Sunday, March 25, 2007

Mark Steyn on the the sharia we are importing Pakistan

Article - Opinion - Mark Steyn: Sticky wicket of creeping sharia

If you had to draw one of those organizational charts of the world's problems, Pakistan would be at the center of them. We speak of the northwestern tribal lands as some of the most remote places on Earth. But, in fact, when they wanted to, the Saudis had no problem getting to them, spreading a ton of walking-around money, and utterly transforming those villages. From the North-West Frontier Province, the Saudi money and Wahhabist ideology seeped through the country, into the mosques of the cities, radicalizing a generation of young Muslim men. From there it moved on to new outposts of the jihad, to Indonesia, Thailand and beyond. The flight routes from Pakistan to the United Kingdom are now the most important ideological conduit for radical Islam. The London bombers last summer were British subjects of Pakistani origin. Last week, two more were arrested in connection with the Tube bombings at Manchester Airport as they prepared to board a plane to Karachi.

Meanwhile, flying back from Karachi and Islamabad to Heathrow and Manchester are cousins, lots and lots of them. In his detailed study of the Mirpur district in Pakistan, Roger Ballard estimates that at least half and maybe up to two-thirds of those living in Britain of Mirpuri descent marry first cousins. This is a critical tool of reverse-assimilation: instead of being diluted over the generations, tribal identity is reinforced; in effect, Pakistani tribal lands are now being established in parts of northern England.

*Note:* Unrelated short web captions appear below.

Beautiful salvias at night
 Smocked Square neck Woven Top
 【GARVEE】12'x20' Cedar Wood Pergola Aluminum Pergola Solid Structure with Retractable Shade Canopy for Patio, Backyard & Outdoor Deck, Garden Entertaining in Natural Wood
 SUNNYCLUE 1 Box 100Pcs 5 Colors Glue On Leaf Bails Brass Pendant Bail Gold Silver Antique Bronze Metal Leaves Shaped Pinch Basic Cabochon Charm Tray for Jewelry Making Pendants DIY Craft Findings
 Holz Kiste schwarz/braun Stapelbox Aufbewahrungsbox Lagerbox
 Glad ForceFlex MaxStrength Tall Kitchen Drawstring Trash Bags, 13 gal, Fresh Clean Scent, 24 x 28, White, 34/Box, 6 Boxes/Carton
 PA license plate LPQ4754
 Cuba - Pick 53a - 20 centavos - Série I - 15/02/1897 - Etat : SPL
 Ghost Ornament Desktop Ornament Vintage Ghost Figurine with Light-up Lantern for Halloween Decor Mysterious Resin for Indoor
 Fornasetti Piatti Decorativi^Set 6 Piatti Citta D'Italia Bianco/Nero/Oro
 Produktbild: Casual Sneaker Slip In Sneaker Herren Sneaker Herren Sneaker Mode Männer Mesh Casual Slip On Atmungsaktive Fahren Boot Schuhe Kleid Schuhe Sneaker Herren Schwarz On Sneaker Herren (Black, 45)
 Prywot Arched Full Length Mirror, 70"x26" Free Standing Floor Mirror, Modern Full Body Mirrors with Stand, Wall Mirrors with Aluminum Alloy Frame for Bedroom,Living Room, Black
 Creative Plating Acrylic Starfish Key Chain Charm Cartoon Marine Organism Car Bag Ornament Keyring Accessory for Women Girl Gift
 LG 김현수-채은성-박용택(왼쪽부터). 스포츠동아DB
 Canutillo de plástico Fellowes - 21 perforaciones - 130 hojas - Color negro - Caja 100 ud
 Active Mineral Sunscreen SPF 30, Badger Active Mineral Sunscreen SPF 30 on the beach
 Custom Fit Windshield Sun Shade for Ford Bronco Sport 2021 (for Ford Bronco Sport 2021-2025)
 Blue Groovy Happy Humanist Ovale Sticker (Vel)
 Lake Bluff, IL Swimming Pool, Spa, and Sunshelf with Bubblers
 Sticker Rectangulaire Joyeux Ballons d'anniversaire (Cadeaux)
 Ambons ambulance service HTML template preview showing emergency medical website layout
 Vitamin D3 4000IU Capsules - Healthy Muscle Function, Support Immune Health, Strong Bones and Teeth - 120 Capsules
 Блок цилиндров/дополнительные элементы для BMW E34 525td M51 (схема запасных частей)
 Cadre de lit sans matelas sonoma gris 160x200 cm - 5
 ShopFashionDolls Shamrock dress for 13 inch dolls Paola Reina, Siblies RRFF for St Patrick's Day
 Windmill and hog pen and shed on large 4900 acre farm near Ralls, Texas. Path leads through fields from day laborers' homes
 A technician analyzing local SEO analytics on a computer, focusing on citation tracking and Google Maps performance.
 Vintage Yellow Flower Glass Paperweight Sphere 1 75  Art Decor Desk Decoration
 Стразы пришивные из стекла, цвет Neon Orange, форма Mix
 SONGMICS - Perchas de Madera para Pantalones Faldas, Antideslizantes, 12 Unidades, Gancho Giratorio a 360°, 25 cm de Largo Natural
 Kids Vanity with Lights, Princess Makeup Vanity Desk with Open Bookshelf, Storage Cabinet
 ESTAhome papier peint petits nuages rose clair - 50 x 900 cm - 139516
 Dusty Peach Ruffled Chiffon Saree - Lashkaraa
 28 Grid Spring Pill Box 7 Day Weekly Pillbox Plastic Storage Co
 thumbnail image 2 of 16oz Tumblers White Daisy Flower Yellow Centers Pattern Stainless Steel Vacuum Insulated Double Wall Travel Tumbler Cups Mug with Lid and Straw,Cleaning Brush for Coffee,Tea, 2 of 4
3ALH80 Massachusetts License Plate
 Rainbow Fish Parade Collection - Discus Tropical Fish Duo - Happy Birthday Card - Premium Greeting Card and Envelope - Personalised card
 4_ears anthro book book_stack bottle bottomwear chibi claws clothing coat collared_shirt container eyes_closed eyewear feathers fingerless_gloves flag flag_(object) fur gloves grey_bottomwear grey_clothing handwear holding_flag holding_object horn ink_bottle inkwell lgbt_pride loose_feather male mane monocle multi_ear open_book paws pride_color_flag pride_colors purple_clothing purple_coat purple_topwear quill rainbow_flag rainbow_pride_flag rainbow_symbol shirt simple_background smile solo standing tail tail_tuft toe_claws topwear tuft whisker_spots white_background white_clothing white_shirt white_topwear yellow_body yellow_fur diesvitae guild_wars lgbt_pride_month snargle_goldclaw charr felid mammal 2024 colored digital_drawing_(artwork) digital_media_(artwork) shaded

Which brings us back to the cricket World Cup, and a freakish murder after a bizarre Ireland victory and stories about a "match-fixing mafia." The civilized world sometimes forgets how thin the veneer of that civilization is: Many venerable, respectable institutions can be hollowed out from within by predators and opportunists. Outwardly, nothing much has changed. But underneath all kinds of other forces are at play, and, by the time you notice, it requires enormous will to reverse it.

Pakistan was never the most placid and stable polity but it's now riddled from top to toe, its worst pathologies amplified by Arab cash and ideology and the nuclear equivalent of a desktop-publishing boom: mysterious Sino-Pakistani technological transfers have recently been noticed through Kashmir.

Pakistan exports the fruit of its radical madrassahs in ideology and personnel to Britain and beyond. The mother country, like an elderly spinster, doesn't like to think ill of those nice young men in Manchester and Leeds and Oldham. We're all inclined to be deferential to multiculturalism these days: When imams get tossed off a flight in Minneapolis, it's easiest to tut-tut and demand sensitivity training for the cabin crew. The Quebec government, which mandates verifiable picture ID in order to vote, has just waived the requirement for Muslims: show up at the polls in a burqa or niqab and no one will be so insensitive as to insist on checking whether your face matches that on the driver's license.

And so it goes – creeping sharia, day by day, further insulating communities already prone to self-segregation, but nothing too big or startling to ruffle the scene. In Britain, the authorities can tell you (roughly) the number of jihadist cells and the support they command in the Muslim community. But doing anything about it is far more problematic. Wouldn't be cricket, old boy.